Combination treatment with interferon and ribavirin has replaced interferon monotherapy as the preferred antiviral therapy for chronic hepatitis C. A meta-analysis of 6 randomized controlled trials of combination interferon and ribavirin therapy vs interferon monotherapy, which included 75 patients with compensated cirrhosis, showed a better sustained biochemical response with combination therapy in the cirrhotics (22% with combination therapy vs 4% with interferon monotherapy). In fact, only patients with cirrhosis who received combination therapy had a sustained virologic response (17% vs 0%). The sustained response was influenced by genotype (7% to 10% in patients with genotype 1 vs 24% to 33% in patients with genotypes 2 and 3). These studies indicate that combination interferon and ribavirin therapy can be recommended for all patients with compensated chronic hepatitis C and cirrhosis, including those with genotype 1. Patients with compensated chronic hepatitis C and cirrhosis and genotype 1 can expect a sustained response ranging between 7% and 10%.
Cumulative evidence also suggests that patients with cirrhosis who demonstrate a sustained virologic response have an improved prognosis, especially with respect to the development of HCC. Treatment with interferon can reduce the rate of fibrosis progression and also decrease the incidence of HCC by 13% and the mortality from cancer by 16%.
Data from the large trials of combination therapy for chronic hepatitis C provide important information about the timing of viral clearance in patients who have a sustained virologic response. In both large trials, persistence of serum HCV RNA at 24 weeks of therapy was predictive of a lack of sustained virologic response. In fact, most patients with a sustained response became HCV-RNA-negative very early in the course of therapy.

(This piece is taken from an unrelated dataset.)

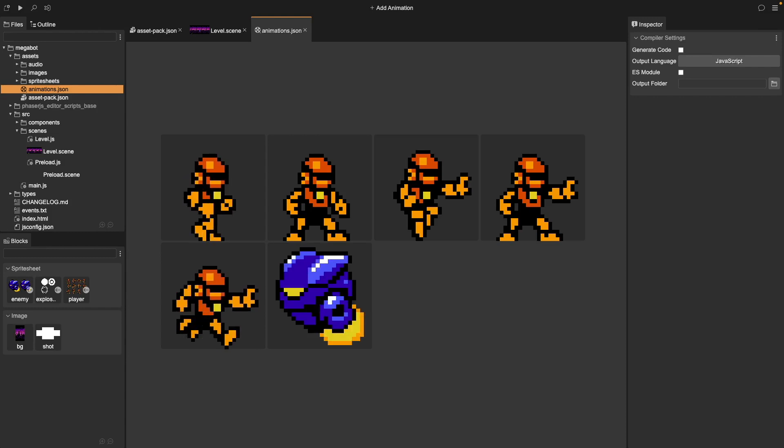Want to add animations to your Phaser 3 game fast? In this tutorial, I'll show you how to create and play sprite animations using Phaser Editor V4's animation tool. No coding required.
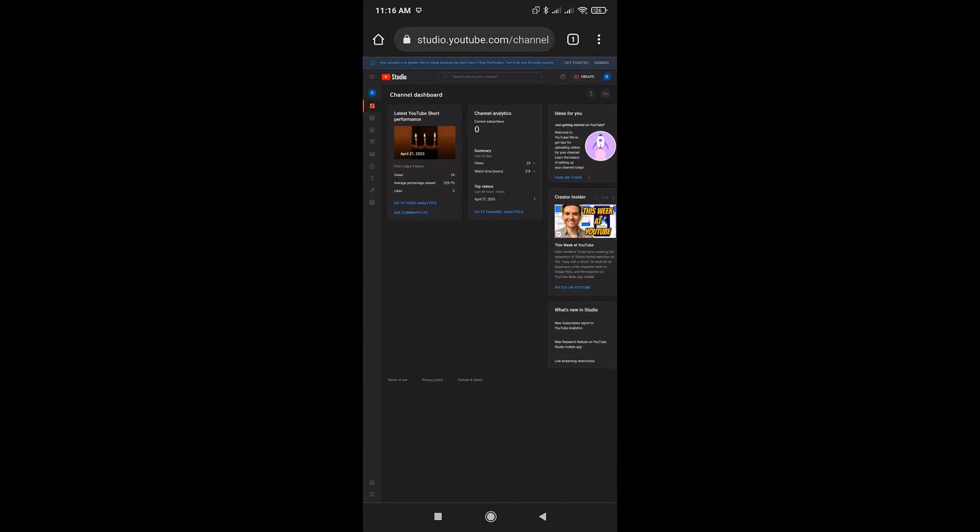Once there, you'll be able to see your account here. There might be a prompt to use the mobile application for YouTube Studio, but please ignore that and continue using it on your mobile browser.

On the basis of these results, it is recommended that combination therapy be discontinued in patients with genotype 1 -- including cirrhotic and noncirrhotic patients -- who remain HCV RNA-positive after 24 weeks of therapy. Moreover, the long-term benefit of antiviral therapy in patients with chronic hepatitis C and cirrhosis occurs predominantly in those patients having a sustained response, and patients with persistent viremia at week 24 of combination therapy have virtually no chance of having a sustained response.